Where a line of the material includes the string "Terrace", copy that line.
-- Opening Marker --
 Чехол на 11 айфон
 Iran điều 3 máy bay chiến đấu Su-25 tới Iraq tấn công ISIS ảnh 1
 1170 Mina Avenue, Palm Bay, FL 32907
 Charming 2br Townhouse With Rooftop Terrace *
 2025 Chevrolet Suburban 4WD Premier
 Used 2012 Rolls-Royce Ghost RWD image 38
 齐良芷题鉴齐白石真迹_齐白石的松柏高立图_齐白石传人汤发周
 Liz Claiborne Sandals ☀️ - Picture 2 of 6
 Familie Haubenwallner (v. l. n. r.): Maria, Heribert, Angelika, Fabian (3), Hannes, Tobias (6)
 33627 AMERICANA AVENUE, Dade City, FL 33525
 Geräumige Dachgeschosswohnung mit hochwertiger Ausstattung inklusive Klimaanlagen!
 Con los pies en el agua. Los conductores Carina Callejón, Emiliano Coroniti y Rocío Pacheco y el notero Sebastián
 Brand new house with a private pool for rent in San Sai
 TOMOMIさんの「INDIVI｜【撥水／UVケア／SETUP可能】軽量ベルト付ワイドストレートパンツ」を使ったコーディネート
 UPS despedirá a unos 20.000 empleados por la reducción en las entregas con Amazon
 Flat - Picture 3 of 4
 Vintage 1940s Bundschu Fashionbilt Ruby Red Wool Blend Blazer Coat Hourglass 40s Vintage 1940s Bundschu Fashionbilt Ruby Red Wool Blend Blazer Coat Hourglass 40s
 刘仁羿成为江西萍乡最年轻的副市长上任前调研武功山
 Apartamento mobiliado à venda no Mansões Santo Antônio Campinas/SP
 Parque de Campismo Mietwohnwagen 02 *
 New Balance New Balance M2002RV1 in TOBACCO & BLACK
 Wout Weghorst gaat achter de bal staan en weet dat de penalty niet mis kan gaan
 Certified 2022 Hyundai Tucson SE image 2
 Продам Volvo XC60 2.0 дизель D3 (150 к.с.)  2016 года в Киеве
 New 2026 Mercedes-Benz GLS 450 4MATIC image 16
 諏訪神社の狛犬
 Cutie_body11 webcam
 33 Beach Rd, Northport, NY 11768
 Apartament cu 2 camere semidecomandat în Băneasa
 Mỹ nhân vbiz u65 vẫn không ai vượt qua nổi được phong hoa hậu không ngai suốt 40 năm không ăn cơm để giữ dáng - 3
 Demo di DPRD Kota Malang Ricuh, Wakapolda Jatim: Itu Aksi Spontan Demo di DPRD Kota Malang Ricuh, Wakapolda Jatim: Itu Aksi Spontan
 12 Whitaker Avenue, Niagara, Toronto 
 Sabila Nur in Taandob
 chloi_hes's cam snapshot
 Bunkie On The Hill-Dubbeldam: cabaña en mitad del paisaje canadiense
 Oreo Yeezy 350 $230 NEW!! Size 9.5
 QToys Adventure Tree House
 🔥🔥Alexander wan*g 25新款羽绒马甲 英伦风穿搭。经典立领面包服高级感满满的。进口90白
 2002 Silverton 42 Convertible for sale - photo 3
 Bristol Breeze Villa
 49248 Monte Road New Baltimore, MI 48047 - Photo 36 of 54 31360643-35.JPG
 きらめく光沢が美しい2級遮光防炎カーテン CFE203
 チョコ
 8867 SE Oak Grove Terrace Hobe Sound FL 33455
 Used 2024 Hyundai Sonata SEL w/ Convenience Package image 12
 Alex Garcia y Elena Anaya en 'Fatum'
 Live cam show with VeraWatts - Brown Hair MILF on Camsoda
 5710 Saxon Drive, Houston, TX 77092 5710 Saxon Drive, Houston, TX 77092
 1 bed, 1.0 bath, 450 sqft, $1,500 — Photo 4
-- Closing Marker --
=== Output ===
 Charming 2br Townhouse With Rooftop Terrace *
 8867 SE Oak Grove Terrace Hobe Sound FL 33455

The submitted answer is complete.